Spanish III and IV students prepare for upcoming Panama trip

Juniors and Seniors who are taking Spanish III or IV are given the opportunity to travel to Panama for this year’s spring break. So far, 30 students are going.
“This is my first trip to Panama,” Spanish teacher J.J. Epperson said. “The past two years we went to Costa Rica, and before that we went to Puerto Rico.”
The trip will be a five day tour. The students will leave on the Sunday of spring break at midnight, and will come back that Friday at midnight.
Throughout the tour, students will be dropped off by buses at different places, where they will then spend the whole day exploring.
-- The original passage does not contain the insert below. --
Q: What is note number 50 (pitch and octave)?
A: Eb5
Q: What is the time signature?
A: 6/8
“It will be my first time out of the country,” Zachary Winget said. “That’s a little nerve racking to think about. I know I will miss my parents because they are a big part of my life, and they help me with almost everything. Going out of the country without them just makes me feel weird because they are usually there. However, I think I will be okay because this will help me step out of my comfort zone and grow as a person.”
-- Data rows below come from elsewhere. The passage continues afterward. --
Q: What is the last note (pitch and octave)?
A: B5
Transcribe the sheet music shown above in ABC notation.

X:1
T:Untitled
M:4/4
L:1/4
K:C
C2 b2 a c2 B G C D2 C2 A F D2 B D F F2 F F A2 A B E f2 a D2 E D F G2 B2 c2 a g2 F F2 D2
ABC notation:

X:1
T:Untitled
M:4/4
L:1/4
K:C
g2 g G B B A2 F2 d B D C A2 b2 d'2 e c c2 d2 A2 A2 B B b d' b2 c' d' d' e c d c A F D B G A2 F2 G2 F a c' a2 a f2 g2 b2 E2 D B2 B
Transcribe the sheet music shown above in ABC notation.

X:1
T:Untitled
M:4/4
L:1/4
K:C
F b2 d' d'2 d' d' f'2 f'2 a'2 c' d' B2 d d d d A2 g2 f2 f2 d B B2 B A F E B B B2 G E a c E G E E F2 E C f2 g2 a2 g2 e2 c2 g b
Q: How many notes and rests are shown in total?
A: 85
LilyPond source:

The tour will consist of all sorts of activities for the students, including canoeing to an indigenous tribe village, helping rebuild houses, volunteering at soup kitchens, going to Panamanian homes to learn to cook dishes, visiting the Panama Canal, visiting the Carnauba tribe, and exploring the rest of Panama.
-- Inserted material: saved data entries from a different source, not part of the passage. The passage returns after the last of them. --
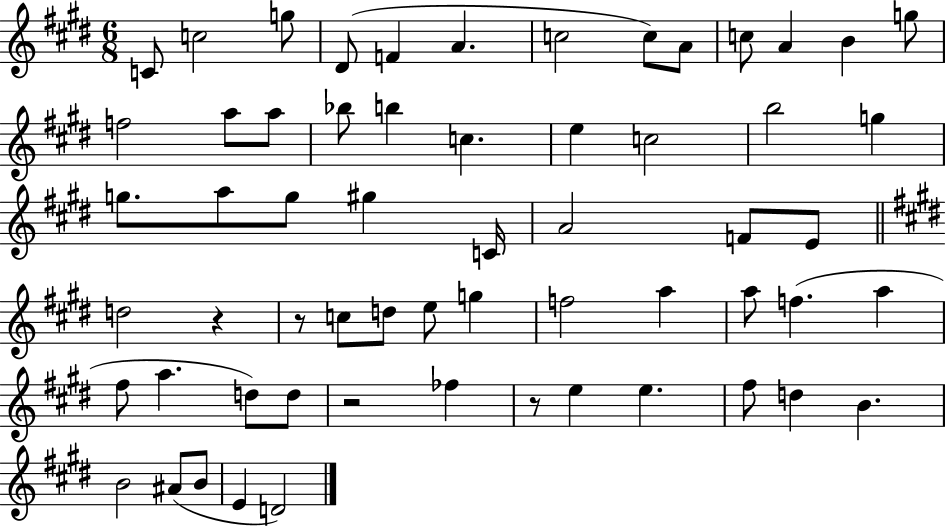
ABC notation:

X:1
T:Untitled
M:6/8
L:1/4
K:E
C/2 c2 g/2 ^D/2 F A c2 c/2 A/2 c/2 A B g/2 f2 a/2 a/2 _b/2 b c e c2 b2 g g/2 a/2 g/2 ^g C/4 A2 F/2 E/2 d2 z z/2 c/2 d/2 e/2 g f2 a a/2 f a ^f/2 a d/2 d/2 z2 _f z/2 e e ^f/2 d B B2 ^A/2 B/2 E D2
“It’s important for the students because, number one, they’ll realize how much Spanish they can actually use, and number two, it’s a first hand opportunity to see the world other than just Gibson County and the U.S.” J.J. Epperson said.
Not only will the students experience the cultural side of staying in Panama, but they will also try to speak only Spanish for the entire trip. This is a perfect opportunity for the students to circumlocute, where they will have to explain something they don’t know the word for, with the vocabulary they have learned in class.
“I don’t really know any Spanish, so that is going to be hard,” chaperone Valerie Zimmer said. “I feel like, coming from the standpoint of being a teacher and helping students, it’s going to be the other way around, where they are going to be helping me. Either way, we’ll see what happens.”
The students will be spending the night at San Blas Island, which is just east of the Panama Canal. There, they will stay in a hotel until their trip moves them to new places to explore. The students will be staying at a total of three different hotels throughout the whole trip.
According to J.J. Epperson, her students will also read Vector, a novel over the Panama Canal, before the trip. The students are expected to finish by the time spring break rolls around, and hopefully J.J Epperson will also be out of her boot by then.